We breakfasted in Cody and hit the road. We went to the post office in Thermopolis and mailed out post cards. If you get one you are special to us, if you don't it was obviously lost in the mail, blame the government. We have been crossing south central Wyoming and it is dedolate and deserted. The rivers hold the life and are boxed in with high rock canyons in places so striking you want to take a picture, so we did.
Several hours later, we have left the arid, high risk wildfire center of Wyoming (the only zone considered a fire risk on our trop), fueled up in Laramie and dropped down into Colorado. We've passed thru two good rains and the landscape has changed yet again.

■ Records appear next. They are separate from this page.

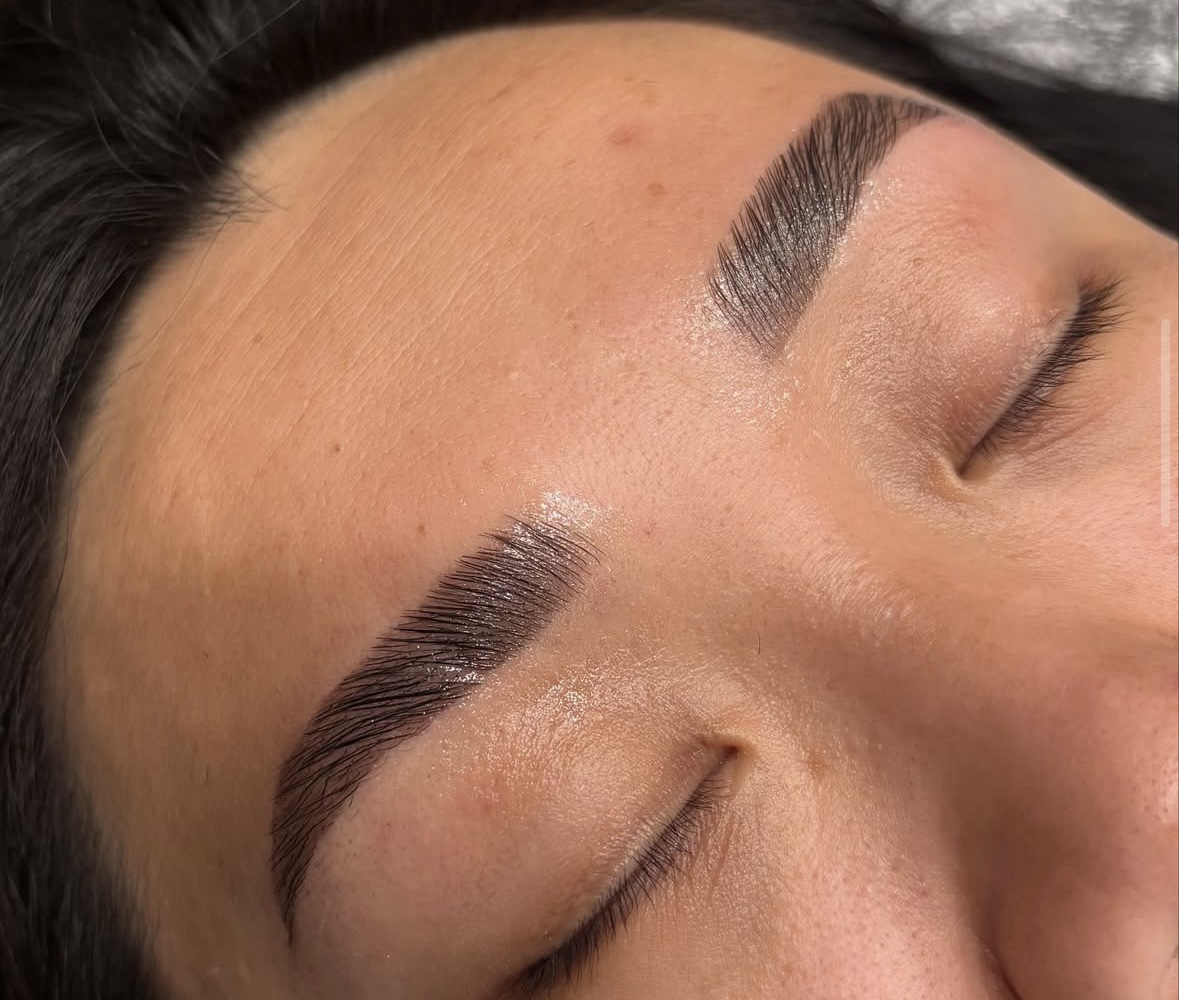 BROW WAX & HYBRID TINT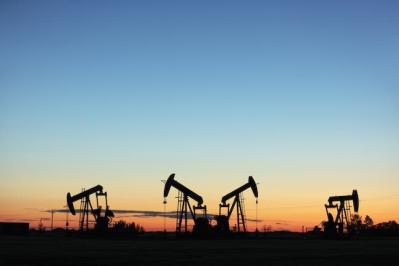 Dầu ổn định khi cân nhắc về mức tăng sản lượng mới của OPEC+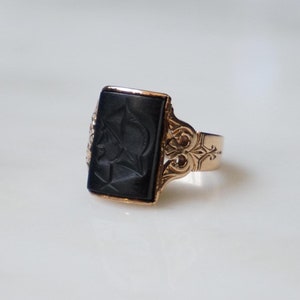 10K Gold Onyx Intaglio Ring / Unisex Men&#39;s Antique Estate C1880 10K Gold Matte Black Onyx Roman Soldier Intaglio Signet Ring  Sz 8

The upper Wyoming plains look like western Oklahoma or Kansas whereas we are now on the eastern edge of the Rockies in Colorado and the land is greener and there are great big piles of rocks protruding from huge would-be hay fields. That was all we saw them farm in Wyoming was different types of straw with balers and bales and irrigation on the flatter areas.
Finally, on our return from the on-Earth heaven of western Wyoming, after the Tetons and Yellowstone and central Wyoming where we drove thru a 13 mile beware-of-elk corridor... finally, on Interstate 80, mile marker 276, one hour west of Laramie... finally we see ELK!
I'm driving with a 25 mph tail wind in light rain and Summer, riding shotgun points and screams, Look! I don't at first b/c she "cries wolf" alot but then I look and there they are on the north side, up on a hill overlooking the 4-lane like it's entertaining to them: three dark brown elk, two with big spreading racks so heavy it is no wonder their necks are as great as the girth of their body at the loins. Mmmm, elk loin.
I have a correction to make on a previous blog. I wrote where Bethany Culley once got a ticket from Nevada Barr on the Natchez Trace. It was my mother who got the ticket and later made a copy of it to give to Mrs. Culley. I also believe my mom got Nevada to sign a copy of one of her books my mom happened to have in the car.